Mum loves Helen’s job, nearly more than she loves mine, and that’s saying a lot. (Apparently, I have the Best Job in the World™.) Occasionally, when Helen is very bored or scared, Mum even goes to work with her; the Case of the Missing Woman comes to mind. Helen had to go to the woman’s apartment, looking for clues (air tickets to Rio, etc. As if…) and Mum went along because she loves seeing inside other people’s houses. She says it’s amazing how dirty people’s homes are when they’re not expecting visitors. This gives her great relief, making it easier to live in her own less-than-pristine crib. However, because her life had begun to resemble, however briefly, a crime drama, Mum got carried away and tried to break down the locked apartment door by running at it with her shoulder—even though, and I can’t stress this enough, Helen had a key. And Mum knew she had it.
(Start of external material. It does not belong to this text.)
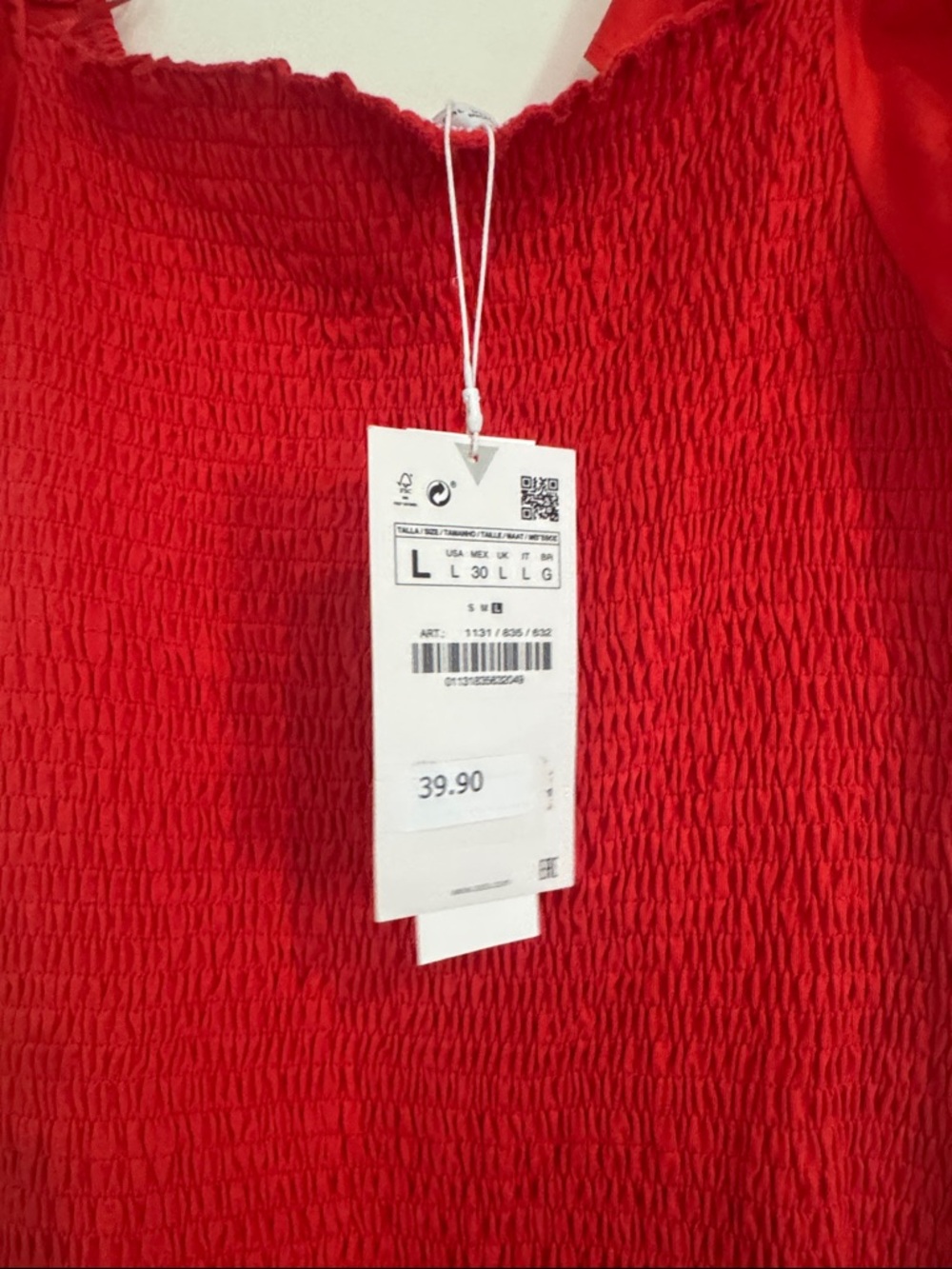 Red Ruffle Sleeve shirred Mini Dress - Picture 4 of 4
It had been given to her by the missing woman’s sister and all Mum got for her trouble was a badly mashed shoulder.

“It’s not like on the telly,” she complained afterward, kneading the top of her arm.

Then, earlier this year, someone tried to kill Helen. The general consensus was not so much shock that such a dreadful thing would happen as amazement that it hadn’t come to pass much sooner. Of course, it wasn’t really an attempt on her life. Someone threw a stone through the television-room window during an episode of EastEnders—probably just one of the local teenagers expressing his feelings of youthful alienation, but the next thing Mum was on the phone to everyone, saying that someone was trying to “put the frighteners” on Helen, that they “wanted her off the case.” As “the case” was a small office fraud inquiry where an employer had Helen install a hidden camera to see if his employees were nicking printer cartridges, this seemed a little unlikely. But who was I to rain on their parade—and that’s what I would have been doing: they’re such drama queens they actually thought this was exciting. Except for Dad and only because he was the one who had to sweep up all the broken glass and sellotape a plastic bag over the hole until the glazier arrived, approximately six months later. (I suspect Mum and Helen live in a fantasy world where they think someone’s going to come along and turn their lives into a massively successful TV series. In which they will, it goes without saying, play themselves.)